After a year with some notable defeats, an appeals court has given a big boost to Lina Khan’s aggressive enforcement strategy at the F.T.C.Credit…Haiyun Jiang for The New York Times

A vote of confidence

After a sometimes tough year for the F.T.C., the agency will end 2023 with a big win. The biotech company Illumina said on Sunday that it would divest Grail, the cancer test maker it acquired for $7.1 billion in 2021, after an appeals court sided with the F.T.C.’s argument that the deal could harm competition.

The news closes the book on an ill-fated acquisition that earned Illumina no end of trouble — and showed that the assertive enforcement strategy of regulators like Lina Khan, the F.T.C. chair, can produce results.

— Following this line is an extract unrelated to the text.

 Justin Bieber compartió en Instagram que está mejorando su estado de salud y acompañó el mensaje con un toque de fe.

The Fifth Circuit Court of Appeals largely upheld the F.T.C.’s argument against the deal. The agency had said that putting Illumina and Grail together would hurt competition in the cancer diagnostics industry — even though the two companies aren’t direct competitors. Critics of the F.T.C.’s move said the so-called vertical merger was allowed under antitrust rules.

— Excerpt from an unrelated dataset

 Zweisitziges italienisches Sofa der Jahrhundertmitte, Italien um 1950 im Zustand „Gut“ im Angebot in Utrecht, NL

The appeals court found that the F.T.C. had misapplied antitrust standards and ordered it to conduct a new review of the deal, but it also said the transaction would “substantially lessen competition.” The decision “clearly recognizes how vertical mergers can threaten competition,” Doug Farrar, an agency spokesman, told DealBook.

It comes as agencies’ heightened enforcement reviews are being fought in court. Illumina had sued the F.T.C., arguing that efforts to halt the Grail deal were unconstitutional. That echoed complaints in other cases, including one from a former hedge fund manager against the S.E.C. that the Supreme Court is now considering. Some of these lawsuits are backed by conservative activists seeking to limit agencies’ powers.

Judges on the Fifth Circuit have previously ruled against regulators, raising questions about their use of in-house tribunals to prosecute their cases. But in the Illumina case, the appeals court dismissed the company’s claim that the F.T.C. was acting unconstitutionally. “They got totally dissed by this Fifth Circuit panel,” Jon Leibowitz, a former F.T.C. chair, told DealBook.